Author: Breanna Powell

CSS 539

# To run:
Use an IDE that will allow you to open a Jupyter Notebook.

For example, use Anaconda Navigator to open Visual Studio Code.

You may need to select a kernel to run the program.

I used base(Python 3.10.9)

## Import Libraries

In [1]:
import pandas as pd
import matplotlib as plt

# These libraries are supposed to accelerate some operations
import numexpr
import bottleneck
pd.set_option("compute.use_bottleneck", False)
pd.set_option("compute.use_numexpr", False)

## Data Information

From:
https://data.london.gov.uk/dataset/smartmeter-energy-use-data-in-london-households

More Info:
https://innovation.ukpowernetworks.co.uk/projects/low-carbon-london

"Created 9 years ago, updated 2 years ago
Energy consumption readings for a sample of 5,567 London Households that took part in the UK Power Networks led Low Carbon London project between November 2011 and February 2014.

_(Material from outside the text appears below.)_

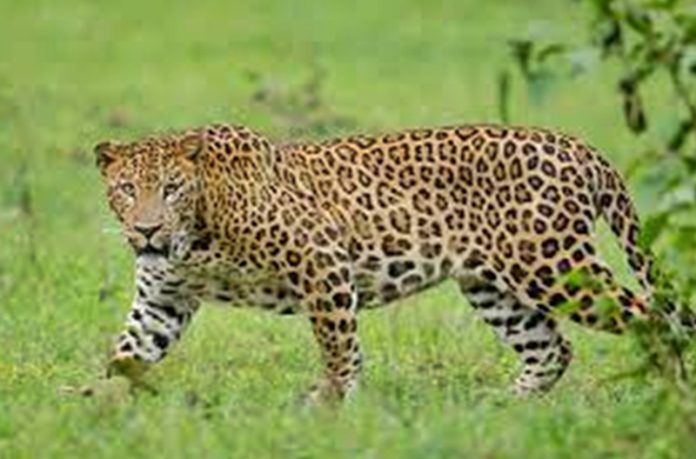 LEOPARD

Readings were taken at half hourly intervals. The customers in the trial were recruited as a balanced sample representative of the Greater London population.

The dataset contains energy consumption, in kWh (per half hour), unique household identifier, date and time. The CSV file is around 10GB when unzipped and contains around 167million rows.

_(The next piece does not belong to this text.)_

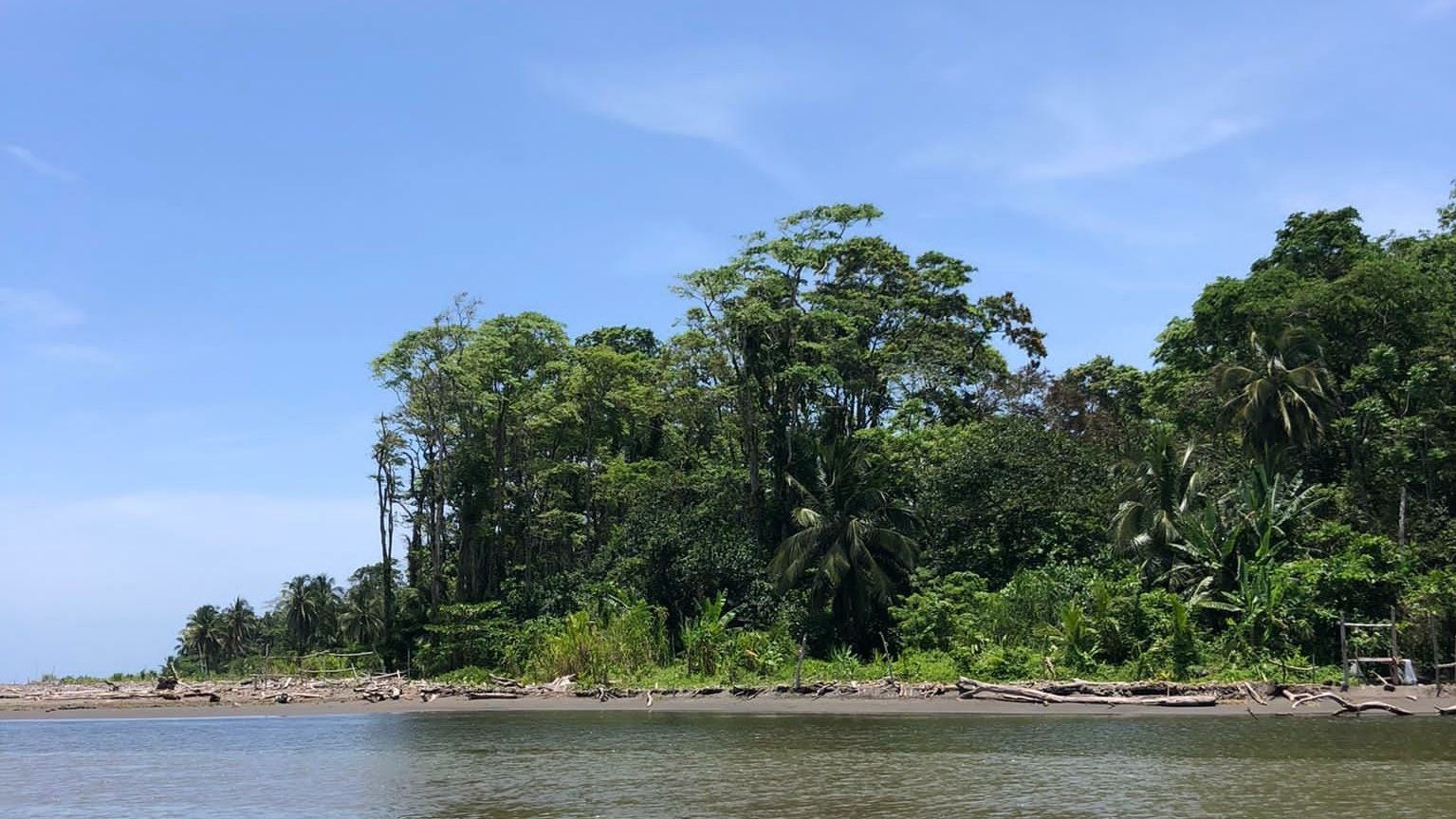 Aussicht über das Meer mit Blick auf die Küste und den Regenwald von Costa Rica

Within the data set are two groups of customers. The first is a sub-group, of approximately 1100 customers, who were subjected to Dynamic Time of Use (dToU) energy prices throughout the 2013 calendar year period. The tariff prices were given a day ahead via the Smart Meter IHD (In Home Display) or text message to mobile phone. Customers were issued High (67.20p/kWh), Low (3.99p/kWh) or normal (11.76p/kWh) price signals and the times of day these applied. The dates/times and the price signal schedule is availaible as part of this dataset. All non-Time of Use customers were on a flat rate tariff of 14.228pence/kWh.

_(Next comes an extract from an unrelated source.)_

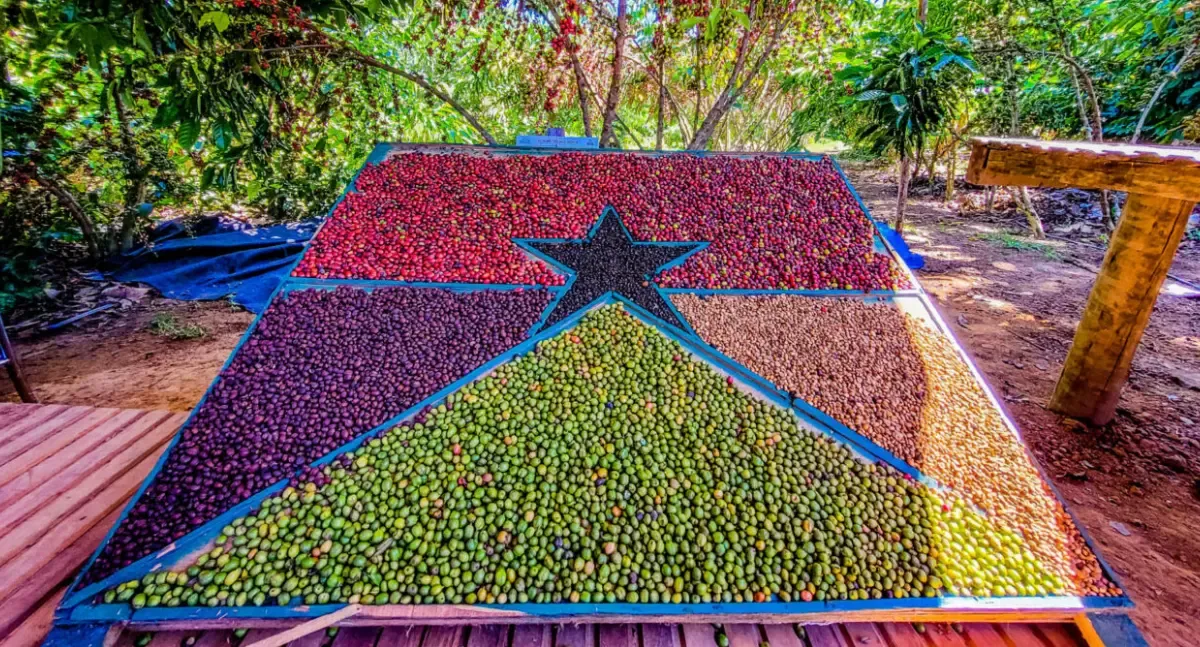 Rondônia se torna referência nacional em sanidade agropecuária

The signals given were designed to be representative of the types of signal that may be used in the future to manage both high renewable generation (supply following) operation and also test the potential to use high price signals to reduce stress on local distribution grids during periods of stress.

The remaining sample of approximately 4500 customers energy consumption readings were not subject to the dToU tariff."


## Create a huge dataframe with all hourly info

In [2]:
##############################
# This takes about 2 minutes #
##############################

import glob

def readAllHourlyData():
    # Read all CSV files and concatenate them into a single DataFrame
    path = "data/archive/halfhourly_dataset/halfhourly_dataset/" 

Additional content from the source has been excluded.